• **Task brief**
Quote exactly, and only, the lines of the material below from the line with "2022 Wagoneer Wagoneer" through the line with "cca 1914-18 I.".
□ □ □
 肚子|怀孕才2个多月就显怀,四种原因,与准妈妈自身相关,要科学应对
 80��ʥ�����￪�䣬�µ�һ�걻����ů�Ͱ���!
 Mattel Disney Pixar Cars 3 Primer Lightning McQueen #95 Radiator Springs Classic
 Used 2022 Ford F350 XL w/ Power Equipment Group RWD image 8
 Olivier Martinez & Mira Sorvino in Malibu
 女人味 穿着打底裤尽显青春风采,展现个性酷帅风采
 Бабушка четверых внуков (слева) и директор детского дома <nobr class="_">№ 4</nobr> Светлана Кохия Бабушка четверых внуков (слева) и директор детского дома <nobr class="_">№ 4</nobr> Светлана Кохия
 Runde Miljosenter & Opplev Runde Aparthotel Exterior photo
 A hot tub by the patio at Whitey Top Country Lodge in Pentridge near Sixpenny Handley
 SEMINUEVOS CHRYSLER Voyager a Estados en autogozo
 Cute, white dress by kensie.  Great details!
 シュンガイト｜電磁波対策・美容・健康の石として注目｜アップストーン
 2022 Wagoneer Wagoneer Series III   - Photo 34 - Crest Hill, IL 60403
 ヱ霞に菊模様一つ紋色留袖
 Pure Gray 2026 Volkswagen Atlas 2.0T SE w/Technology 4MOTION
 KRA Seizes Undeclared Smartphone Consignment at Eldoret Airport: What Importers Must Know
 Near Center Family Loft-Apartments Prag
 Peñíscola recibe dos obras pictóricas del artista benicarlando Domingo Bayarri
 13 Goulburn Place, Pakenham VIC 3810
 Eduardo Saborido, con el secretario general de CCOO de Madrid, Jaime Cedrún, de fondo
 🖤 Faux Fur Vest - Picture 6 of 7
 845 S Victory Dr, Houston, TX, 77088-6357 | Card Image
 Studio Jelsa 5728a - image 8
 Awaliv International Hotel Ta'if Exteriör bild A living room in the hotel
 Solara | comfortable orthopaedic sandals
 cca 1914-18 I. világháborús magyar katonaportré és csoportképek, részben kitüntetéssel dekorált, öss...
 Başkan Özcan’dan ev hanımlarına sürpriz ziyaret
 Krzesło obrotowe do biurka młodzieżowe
□ □ □
• **Exercise response**
 2022 Wagoneer Wagoneer Series III   - Photo 34 - Crest Hill, IL 60403
 ヱ霞に菊模様一つ紋色留袖
 Pure Gray 2026 Volkswagen Atlas 2.0T SE w/Technology 4MOTION
 KRA Seizes Undeclared Smartphone Consignment at Eldoret Airport: What Importers Must Know
 Near Center Family Loft-Apartments Prag
 Peñíscola recibe dos obras pictóricas del artista benicarlando Domingo Bayarri
 13 Goulburn Place, Pakenham VIC 3810
 Eduardo Saborido, con el secretario general de CCOO de Madrid, Jaime Cedrún, de fondo
 🖤 Faux Fur Vest - Picture 6 of 7
 845 S Victory Dr, Houston, TX, 77088-6357 | Card Image
 Studio Jelsa 5728a - image 8
 Awaliv International Hotel Ta'if Exteriör bild A living room in the hotel
 Solara | comfortable orthopaedic sandals
 cca 1914-18 I. világháborús magyar katonaportré és csoportképek, részben kitüntetéssel dekorált, öss...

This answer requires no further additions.